Beginning at the line that contains "중년여성모자 외출 패션" and finishing at the line that contains "Plaquettes de frein", output the data below exactly. Include both end lines and no pictures.

Source records
= = = = = = =
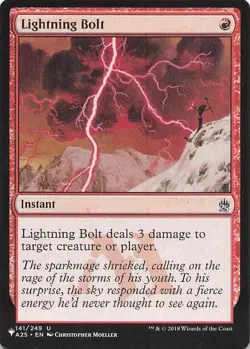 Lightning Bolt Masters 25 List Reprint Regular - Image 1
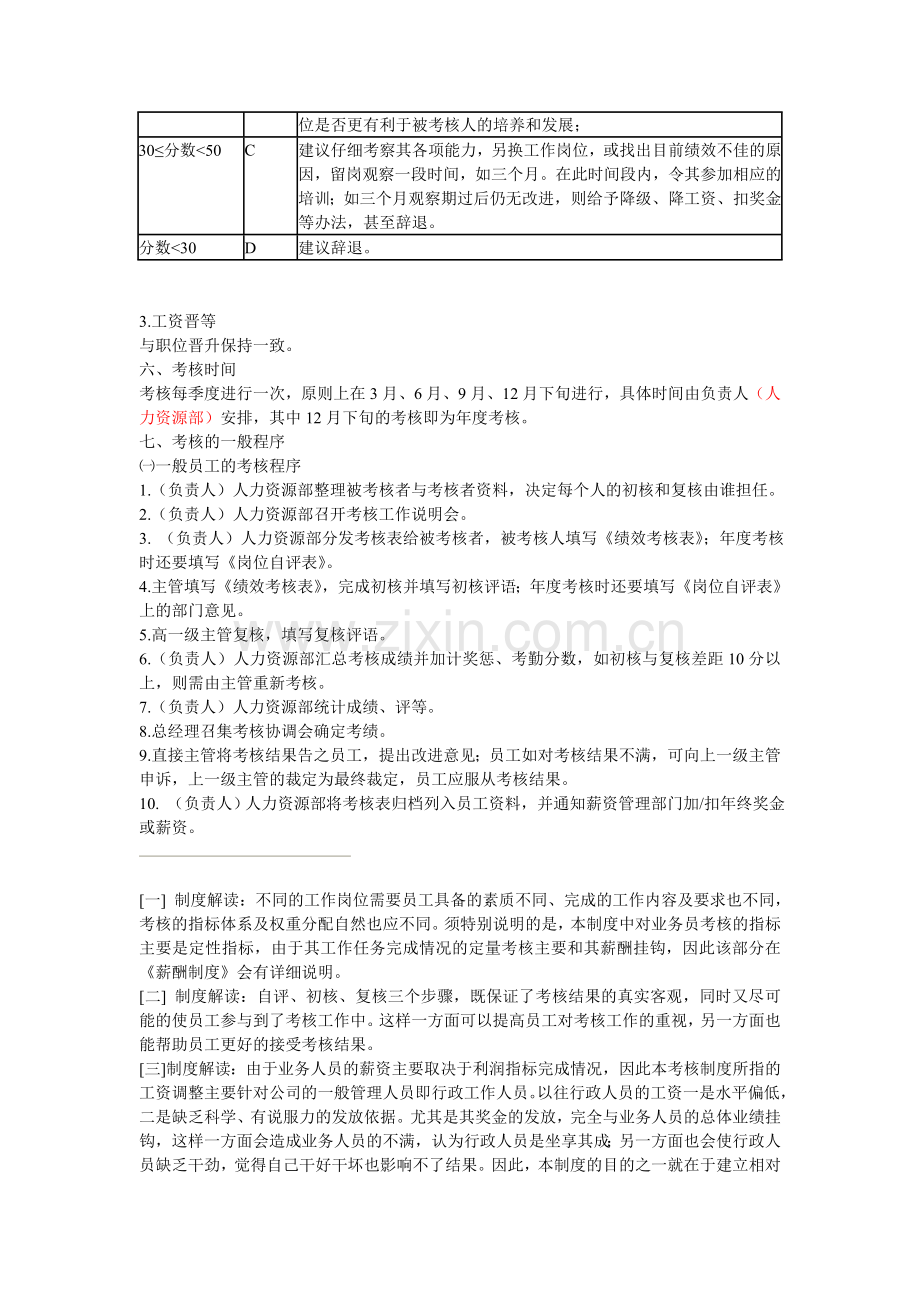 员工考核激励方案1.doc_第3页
= = = = = = =
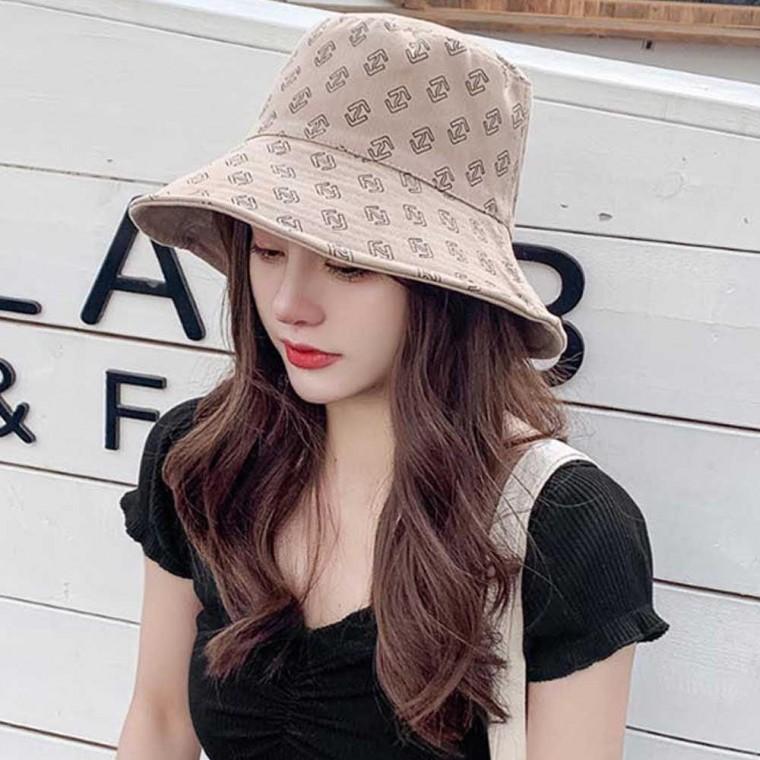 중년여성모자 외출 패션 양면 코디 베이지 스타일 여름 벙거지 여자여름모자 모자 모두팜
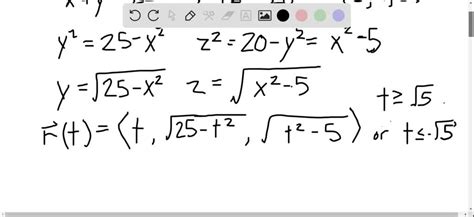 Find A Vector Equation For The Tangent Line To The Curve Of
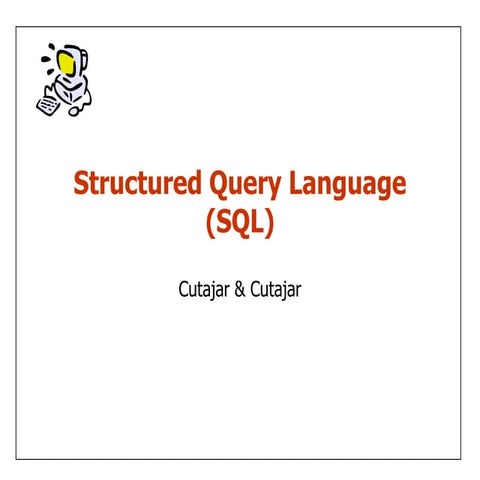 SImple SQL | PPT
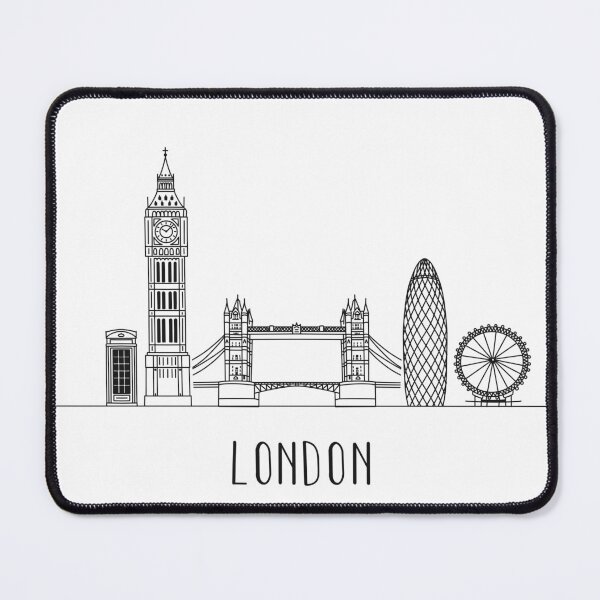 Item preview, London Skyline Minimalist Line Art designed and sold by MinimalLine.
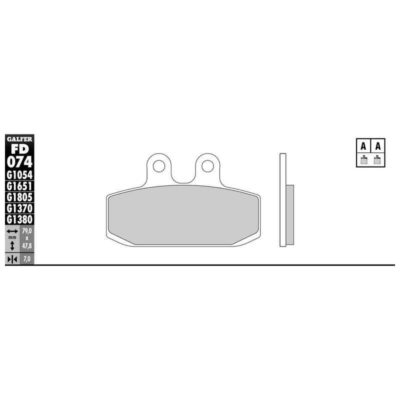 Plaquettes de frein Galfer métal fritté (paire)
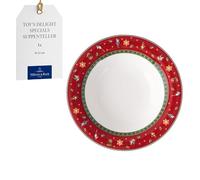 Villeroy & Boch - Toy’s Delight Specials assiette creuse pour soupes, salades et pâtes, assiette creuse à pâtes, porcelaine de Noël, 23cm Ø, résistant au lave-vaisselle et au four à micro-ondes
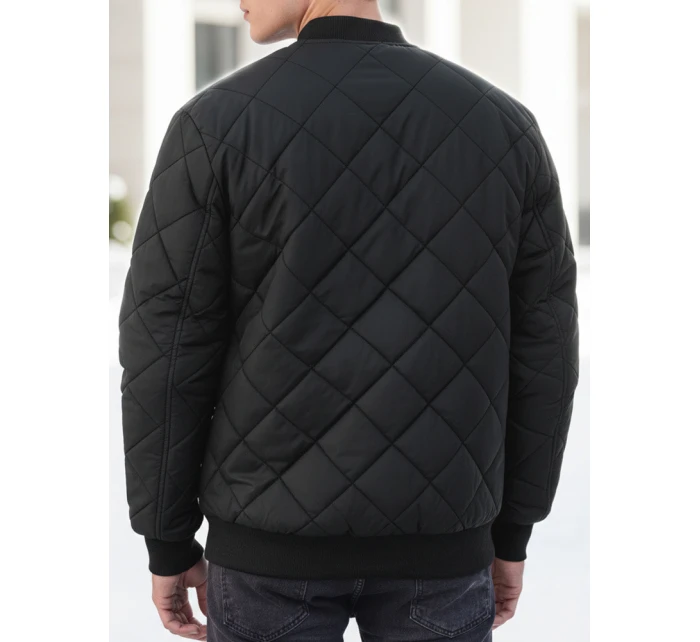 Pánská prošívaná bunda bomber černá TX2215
= = = = = = =
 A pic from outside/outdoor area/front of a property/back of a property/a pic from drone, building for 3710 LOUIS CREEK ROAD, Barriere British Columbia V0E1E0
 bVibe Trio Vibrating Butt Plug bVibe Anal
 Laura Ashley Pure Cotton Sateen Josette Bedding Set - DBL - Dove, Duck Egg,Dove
= = = = = = =
Exercise solution
 중년여성모자 외출 패션 양면 코디 베이지 스타일 여름 벙거지 여자여름모자 모자 모두팜
 Find A Vector Equation For The Tangent Line To The Curve Of
 SImple SQL | PPT
 Item preview, London Skyline Minimalist Line Art designed and sold by MinimalLine.
 Plaquettes de frein Galfer métal fritté (paire)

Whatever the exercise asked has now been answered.